HOST: Ron House
Now before the Feast of the Passover, when Jesus knew that his hour had come to depart out of this world to the Father, having loved his own who were in the world, he loved them to the end. During supper, when the devil had already put it into the heart of Judas Iscariot, Simon’s son, to betray him, Jesus, knowing that the Father had given all things into his hands, and that he had come from God and was going back to God, rose from supper. He laid aside his outer garments, and taking a towel, tied it around his waist. Then he poured water into a basin and began to wash the disciples’ feet and to wipe them with the towel that was wrapped around him. He came to Simon Peter, who said to him, “Lord, do you wash my feet?” Jesus answered him, “What I am doing you do not understand now, but afterward you will understand.” Peter said to him, “You shall never wash my feet.” Jesus answered him, “If I do not wash you, you have no share with me.” Simon Peter said to him, “Lord, not my feet only but also my hands and my head!” Jesus said to him, “The one who has bathed does not need to wash, except for his feet, but is completely clean. And you are clean, but not every one of you.” For he knew who was to betray him; that was why he said, “Not all of you are clean.” When he had washed their feet and put on his outer garments and resumed his place, he said to them, “Do you understand what I have done to you? You call me Teacher and Lord, and you are right, for so I am. If I then, your Lord and Teacher, have washed your feet, you also ought to wash one another’s feet. For I have given you an example, that you also should do just as I have done to you.
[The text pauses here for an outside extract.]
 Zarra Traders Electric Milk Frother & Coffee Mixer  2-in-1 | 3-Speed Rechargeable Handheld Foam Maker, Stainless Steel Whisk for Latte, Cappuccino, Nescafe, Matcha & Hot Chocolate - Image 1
Truly, truly, I say to you, a servant is not greater than his master, nor is a messenger greater than the one who sent him. If you know these things, blessed are you if you do them.
Jesus had often taught His disciples of the importance of humility and service, but as they met together in the upper room, Jesus gives them a powerful demonstration and example of those attributes. The job of foot-washing was reserved for the lowliest servant of the household. It was a demeaning and thankless job that no one wanted to do. But as the apostles are sitting around the table arguing over who will be the greatest (see yesterday’s reading), Jesus dons a towel and begins to serve the apostles in a remarkably humble way. What lesson does He hope to teach them through this act of service? That if He, their teacher and Lord (not to mention the Son of God), can humble Himself to perform this act of service, then they (and we) certainly should be willing to serve one another in whatever way we can. For the servant of God, no work is so lowly that it is beneath us. If we can show the love of God to others and bring glory to Him through our service, then we should always be ready and willing to take on the role of a servant.
Why is it so important to God that we be servants?
Don’t forget to pray and have a great day!